ANOVA and Multiple Comparisons
One-Way ANOVA Test (go to the calculator)
The one-way ANOVA test checks the null assumption that the mean (average) of two or more groups is equal. The test tries to determine if the difference between the sample averages reflects a real difference between the groups, or is due to the random noise inside each group.
When the ANOVA test rejects the null assumption it only tells us that not all the means are equal. For more information, the tool also runs the Tukey HSD test, which compares each pair separately.
The one-way ANOVA model is identical to the linear regression model with one categorical variable — the group. When using linear regression, the results will produce the same ANOVA table and the same p-value.
Assumptions
- Independence — Independent groups and independent observations that represent the population.
- Normal distribution — The population distributes normally. This assumption is important for small sample sizes (n < 30).
The ANOVA calculator runs the Shapiro-Wilk test as part of the test run. - Equality of variances — The variances of all groups are equal. The ANOVA test is considered robust to this assumption when group sizes are similar (maximum sample size / minimum sample size < 1.5).

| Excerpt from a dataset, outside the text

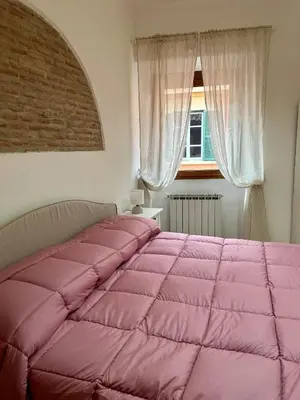 a pink bed in a bedroom with a window at Bella Trastevere in Rome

The ANOVA calculator runs Levene’s test as part of the test run.
Calculation
The model analyzes the differences between all observations and the overall average, and tries to determine whether the differences are only random or are also partially explained by the group (similar to linear regression).
As in standard deviation calculation, we use the sum of squares instead of the absolute difference.
SST — the sum of squares of the total differences.
SSG / SSB — the sum of squares of the differences caused by the group. The calculation is similar to SST but uses only the difference between the group’s average and the overall average.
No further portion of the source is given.